Judge Feldman said that the decision to suspend drilling in wells in depths greater than 500 feet "simply cannot justify the immeasurable effect on the plaintiffs, the local economy, the Gulf region and the critical present-day aspect of the availability of domestic energy in this country."
The American Petroleum Institute praised today's ruling, saying in a written statement, "The moratorium was an initial reaction to concerns about the safety of offshore oil and natural gas operations. However, an extended moratorium would have a tremendous impact on the nation's energy security – and cause significant harm to the region of the country that was already suffering from the spill – without raising safety or improving industry procedures."
"With this ruling, our industry and its people can get back to work to provide Americans with the energy they need, and do it safely and without harming the environment," the petroleum institute said.

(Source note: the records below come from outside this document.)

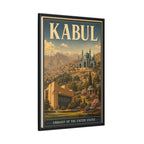 Kabul Embassy Wrapped Canvas Framed
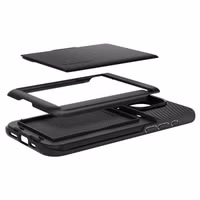 Spigen Slim Armor CS Case für das Apple iPhone 15 Pro Max - Schwarz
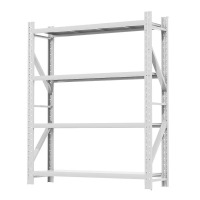 御璟 仓储库房货架展示架仓库货架子货架轻型180KG/白色100*50*200cm四层主架yw-66058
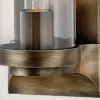 Hochwertige Vintage Wandleuchte für Innen & Außen, Bronze Höhe 36cm
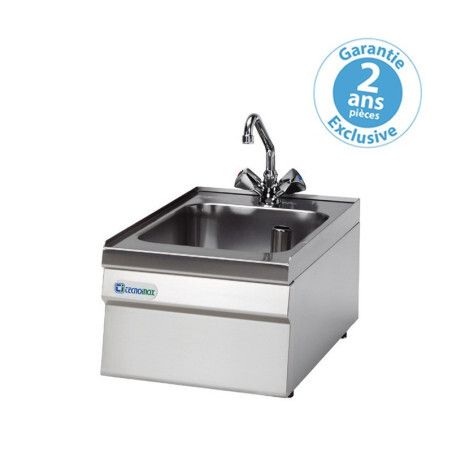 Plonge sur table 23L 1 bac 290x400x200mm Robinet et trop plein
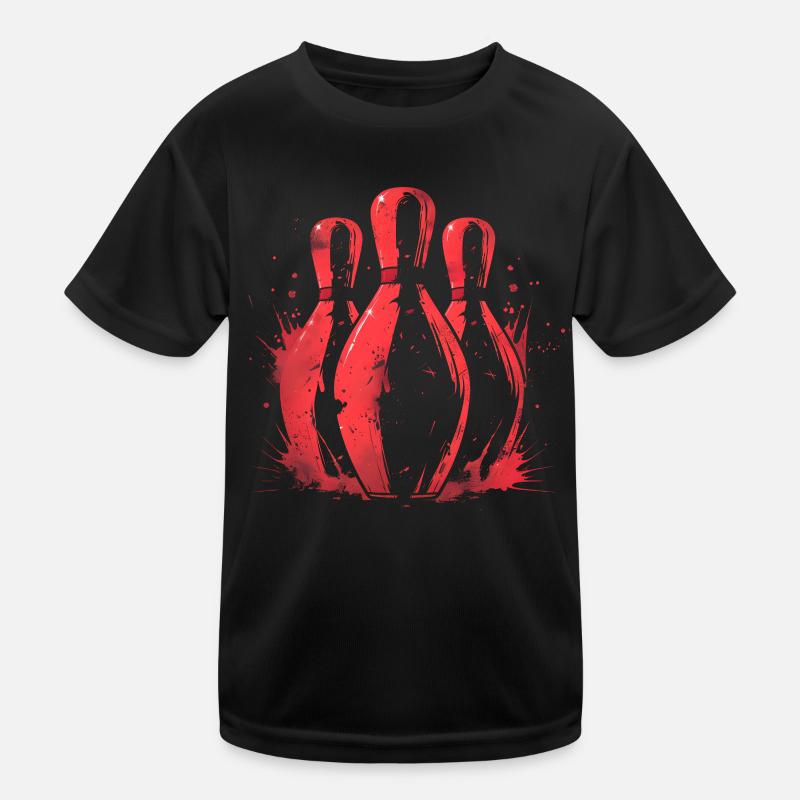 Bowling T-shirt sport Enfant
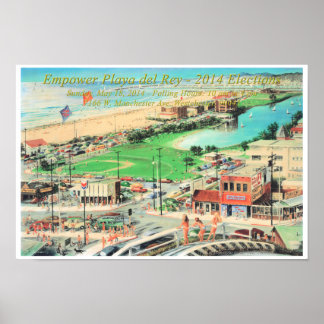 Empower Playa del Rey - 2014 ¼ Zoll Grenze Poster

Judge Feldman in 2008 had holdings in companies with links to the massive oil spill. In a 2008 financial disclosure form posted online by Judicial Watch, Feldman listed interests in Transocean, which owned the Deepwater Horizon rig.
According to the Associated Press the president of Transocean, Steven Newman, has been critical of the six-month ban.
Public advocates, meanwhile, said the temporary ban doesn't go far enough.
"A federal judge's decision today to block a six-month moratorium on new deep-water drilling projects is extremely shortsighted," said Tyson Slocum, Director of Public Citizen's Energy Program."If anything, the temporary ban that President Barack Obama declared in May should be made permanent."